Origine

  • Préparée dans le Souss et l’Atlas depuis des siècles.
  • C’était un repas rituel pour célébrer les récoltes ou les mariages.
  • Presque disparue car remplacée par les msemen / baghrir modernes.

✔️ Ingrédients anciens

  • Farine d’orge (rare aujourd’hui dans les foyers)
  • Eau
  • Sel
  • Beurre rance “smen
  • Miel pur (aujourd’hui très cher)

✔️ Préparation traditionnelle

  1. Mélanger farine d’orge + eau + sel pour obtenir une pâte simple.
  2. Former une galette épaisse cuite dans les braises (“tanjirt n tikkit”).
  3. Une fois cuite, elle est émiettée à la main dans un grand plat.
  4. On ajoute du smen et du miel, on mélange jusqu’à obtenir une texture sablée.

✔️ Pourquoi elle est disparue ?

  • La cuisson dans les braises n’est plus utilisée.
  • Le goût fort du smen ne plaît plus aux nouvelles générations.
  • Les familles préparent des recettes plus modernes (sellou, msemen…).

Histoire et explication de la recette “Taghalla”

La Taghalla est une des recettes les plus anciennes de la cuisine amazighe du Maroc. Elle trouve son origine dans les régions du Souss, du Haut Atlas et de l’Anti-Atlas, où elle était préparée depuis des siècles, bien avant l’apparition des recettes modernes comme les msemen ou les baghrir.

À l’époque, les populations rurales vivaient principalement de l’orge, du lait, du beurre rance (smen) et du miel qu’elles produisaient elles-mêmes. La Taghalla représentait donc un plat symbolique : une nourriture simple mais sacrée, étroitement liée à la terre et aux récoltes.

🌾 Lien avec les traditions anciennes

La Taghalla n’était pas un plat du quotidien.
Elle était surtout préparée lors :

  • des célébrations de récolte, pour remercier Dieu de l’abondance,
  • des mariages, car le miel représentait la bénédiction et la prospérité,
  • des naissances, parfois comme repas pour les femmes qui venaient d’accoucher.

C’était un plat rituel, partagé en famille et entre voisins, souvent accompagné de chants amazighs. Le fait d’émietter la galette ensemble symbolisait l’unité et la solidarité de la communauté.


Les ingrédients anciens

Tous les ingrédients utilisés dans la Taghalla proviennent de la vie rurale traditionnelle :

  • Farine d’orge : céréale principale de l’époque, plus rustique que le blé.
  • Eau et sel : les éléments les plus simples de la cuisine.
  • Beurre rance (smen) : produit ancestral indispensable dans les maisons amazighes.
  • Miel pur : considéré comme un aliment noble, utilisé pour les fêtes.

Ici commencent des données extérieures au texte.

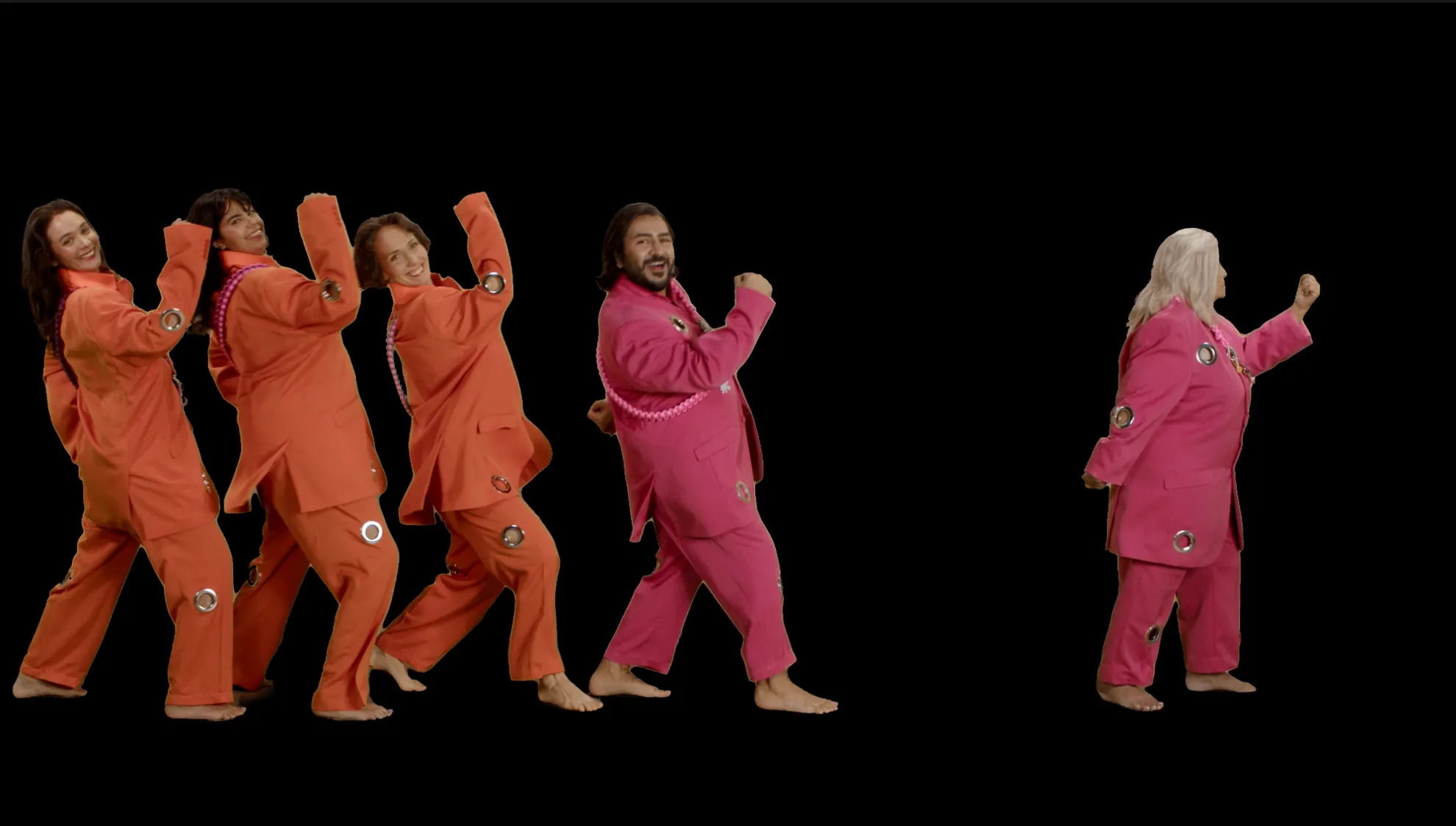 A photograph of five people in colourful suits with animated facial expressions, marching across a black background.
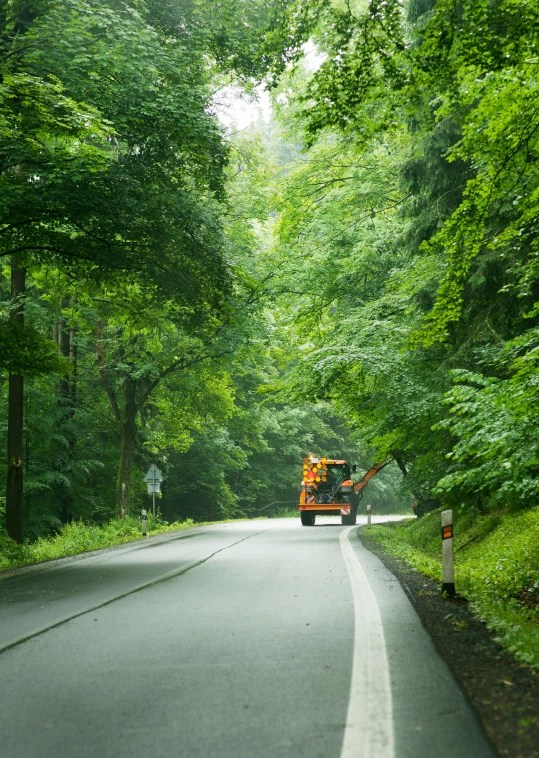 a truck traveling down a curvy road in the middle of a wooded area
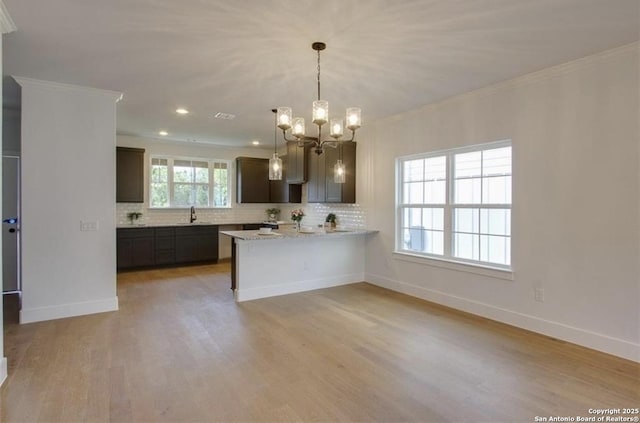 kitchen featuring tasteful backsplash, baseboards, crown molding, light wood-style floors, and a sink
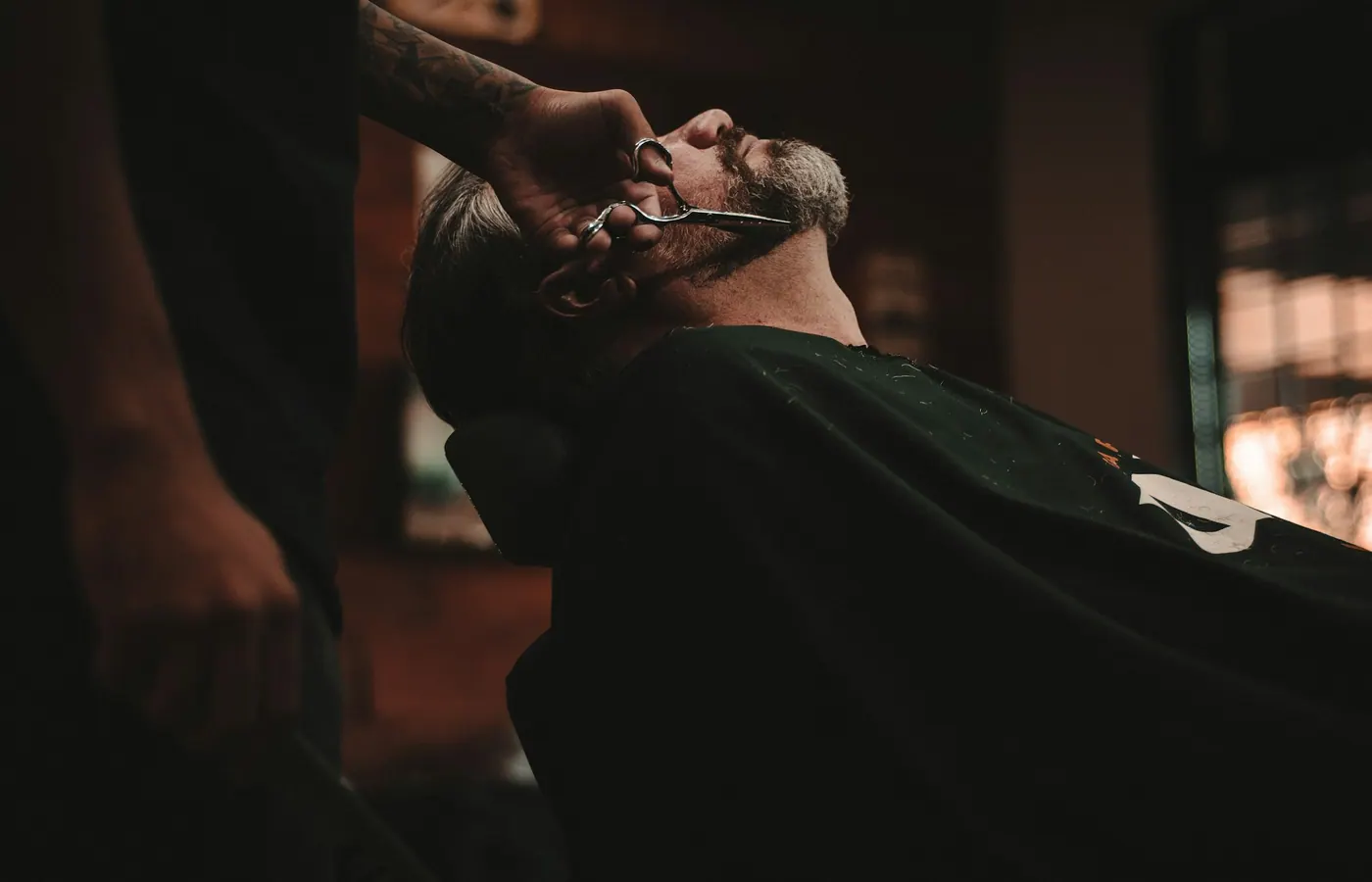 Barbero afeitando a navaja a un cliente reclinado en el sillón, en penumbra cálida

Ces ingrédients montrent à quel point la cuisine était naturelle, minimaliste et basée sur l’agriculture locale.


La préparation traditionnelle

La méthode originale est très ancienne et rustique :

  1. La farine d’orge est mélangée avec de l’eau et du sel pour former une pâte ferme.
  2. La galette obtenue est cuite directement dans les braises (“tanjirt n tikkit”), ce qui lui donne un goût fumé unique.
  3. Une fois cuite, elle est cassée et émiettée à la main dans un grand plat.
  4. On ajoute du smen et du miel, puis on mélange longuement jusqu’à obtenir une texture sablée et parfumée.

La Taghalla était souvent servie tiède, et partagée par tout le monde autour d’un même plat.


Pourquoi cette recette a presque disparu ?

Aujourd’hui, la Taghalla est rarement préparée pour plusieurs raisons :

  1. La cuisson dans les braises n’est presque plus pratiquée en ville.
  2. Le smen, avec son goût très fort, n’est plus apprécié par les nouvelles générations.
  3. Les familles préfèrent des recettes plus modernes comme :
    • msemen
    • baghrir
    • sellou
  4. Les ingrédients anciens (farine d’orge, miel pur) sont devenus plus coûteux ou moins utilisés.

La Taghalla reste pourtant un témoignage précieux de la gastronomie amazighe et de la vie traditionnelle au Maroc.